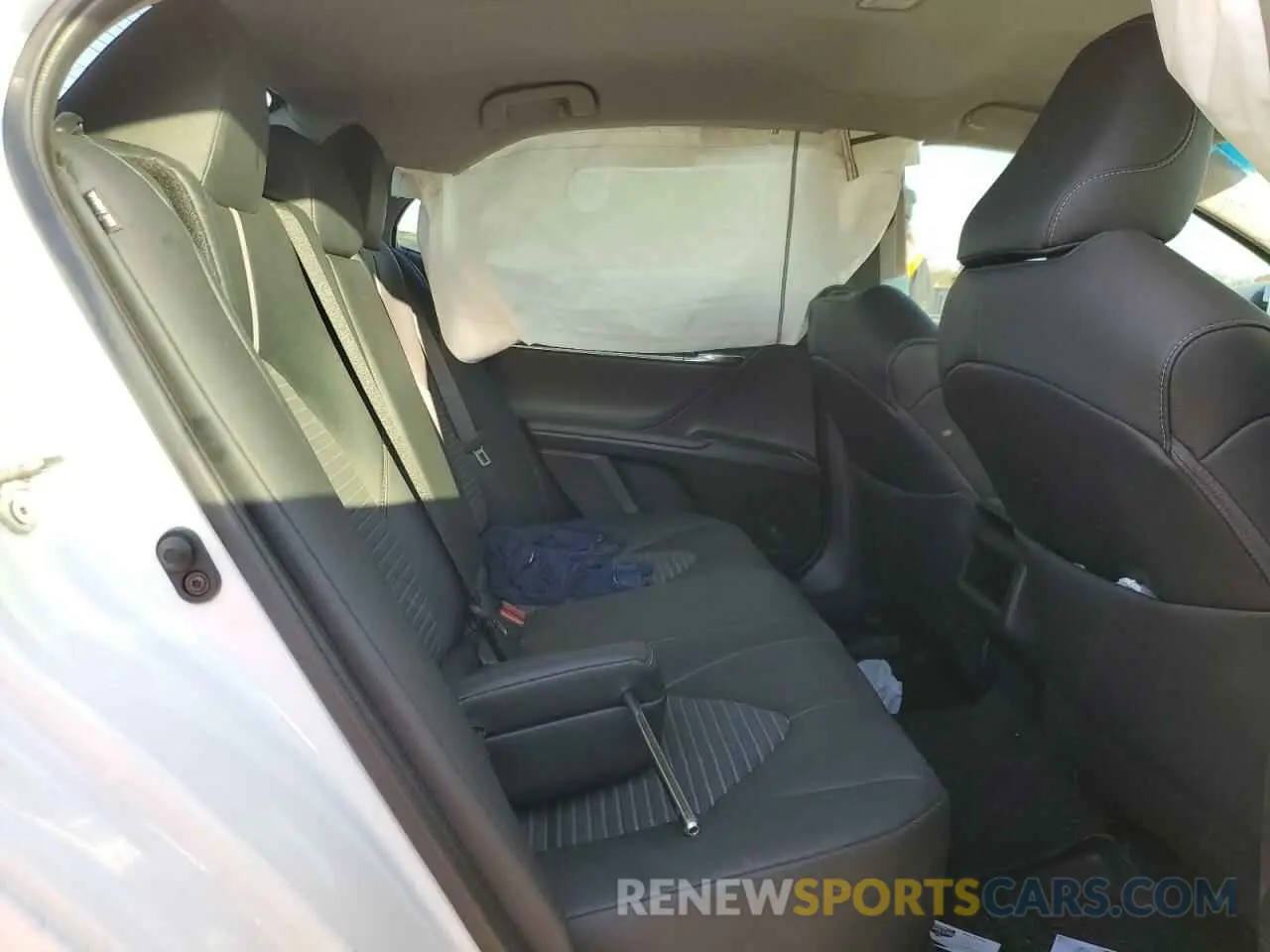10 fotografías del automóvil dañado 4T1B11HK0KU294749 TOYOTA CAMRY 2019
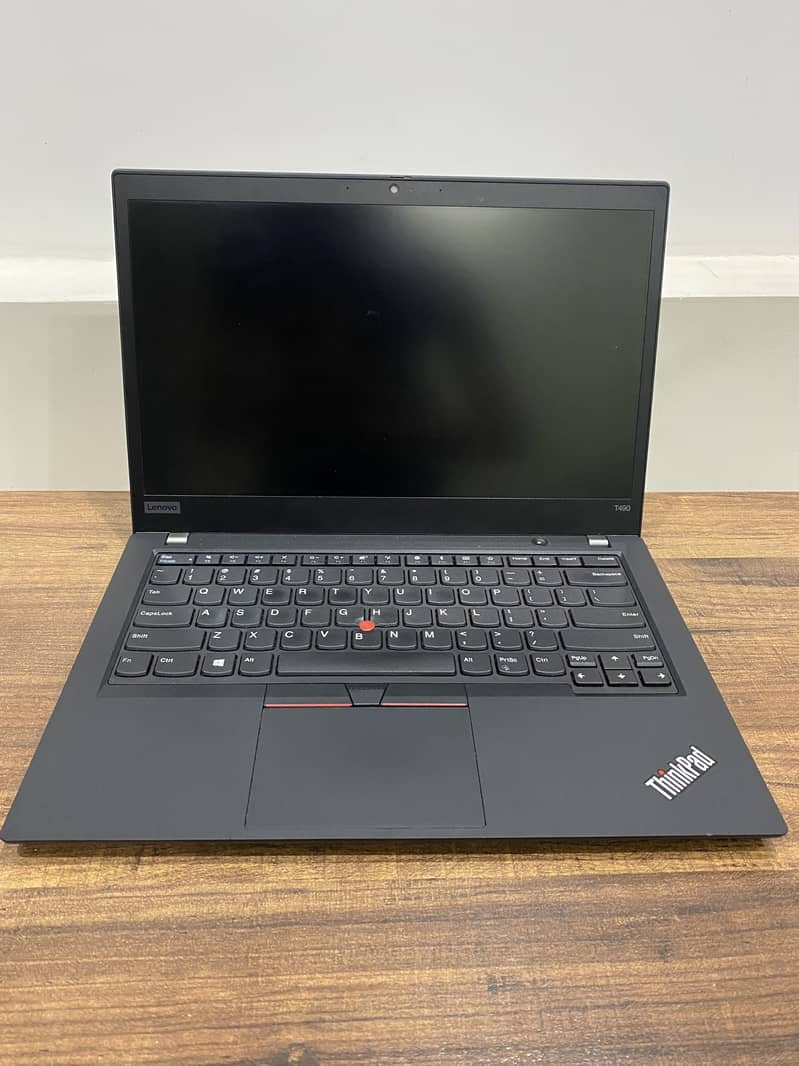 Lenovo Thinkpad T490 (Touchscreen) 8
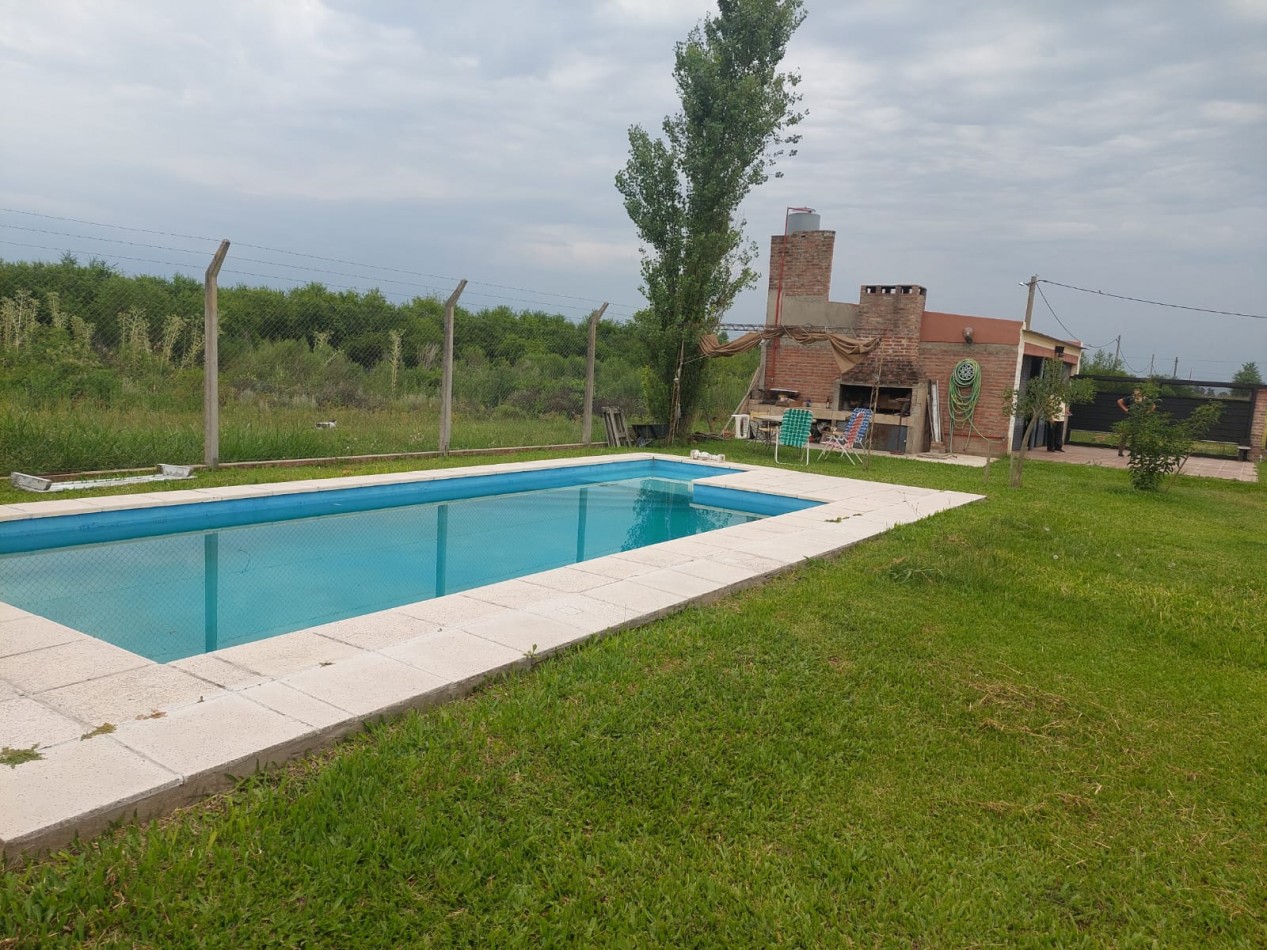 Casa amplia en caima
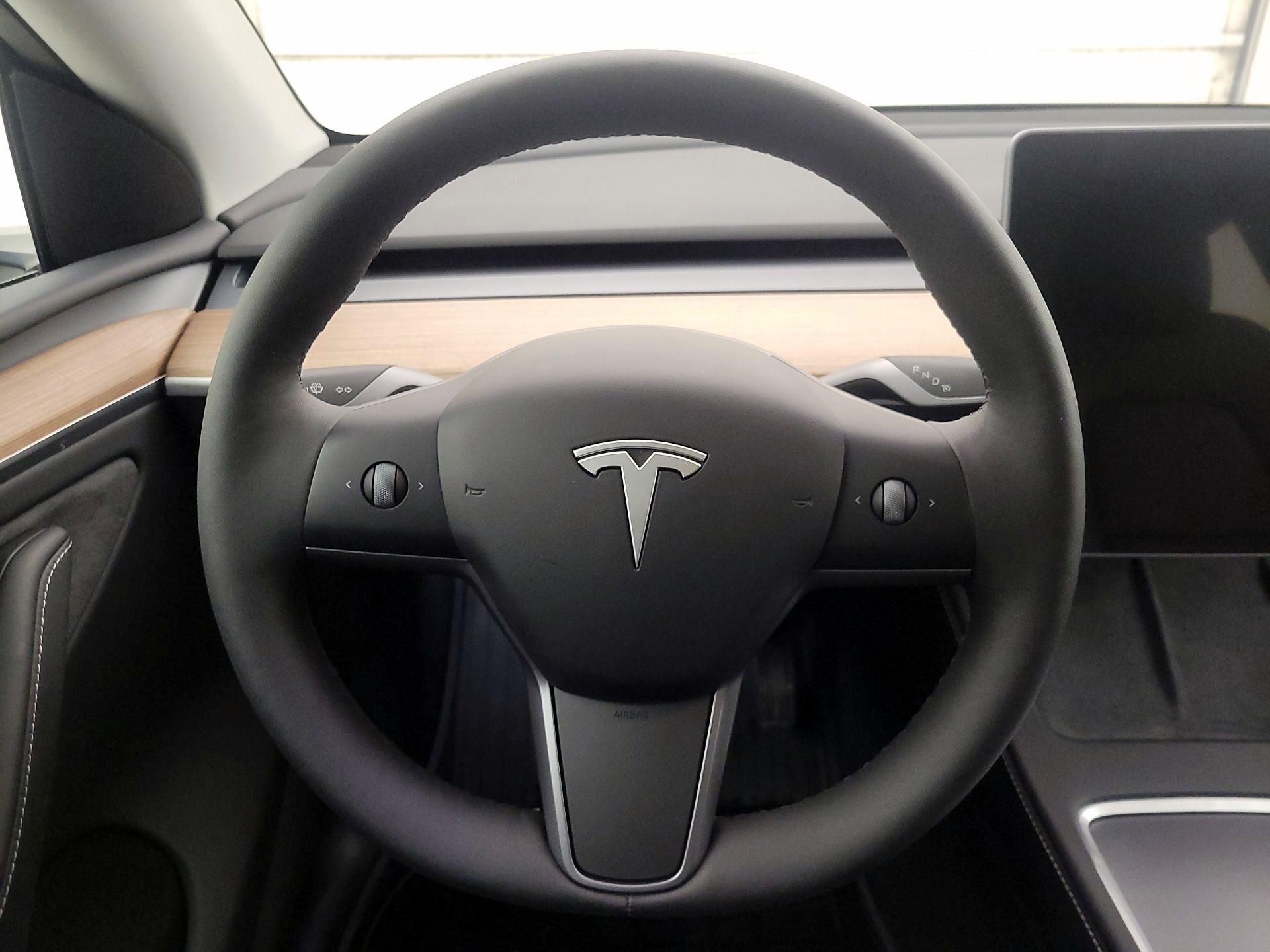 Thumbnail: 2025 Tesla Model Y - 10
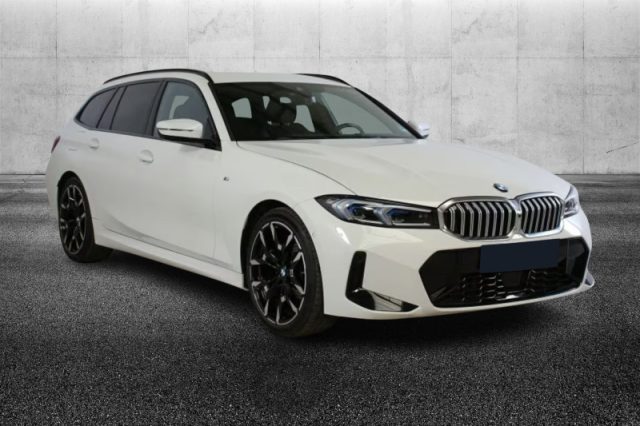 BMW 320 d 48V Touring Msport - foto 2 di 4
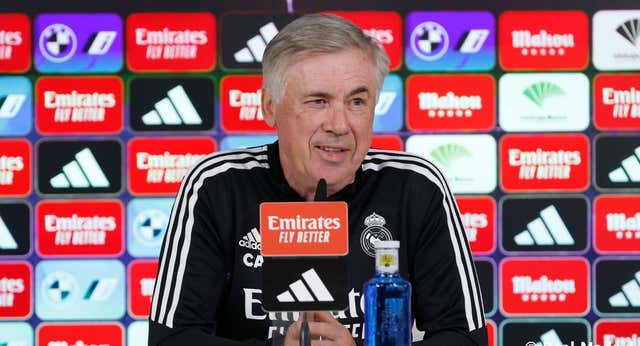 Ancelotti: «Me gusta Joselu… También Aspas o Morata»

********

#### [Exercise]
The copy should match the records above exactly, except that pictures are dropped.

#### [Written solution]
10 fotografías del automóvil dañado 4T1B11HK0KU294749 TOYOTA CAMRY 2019
 Lenovo Thinkpad T490 (Touchscreen) 8
 Casa amplia en caima
 Thumbnail: 2025 Tesla Model Y - 10
 BMW 320 d 48V Touring Msport - foto 2 di 4
 Ancelotti: «Me gusta Joselu… También Aspas o Morata»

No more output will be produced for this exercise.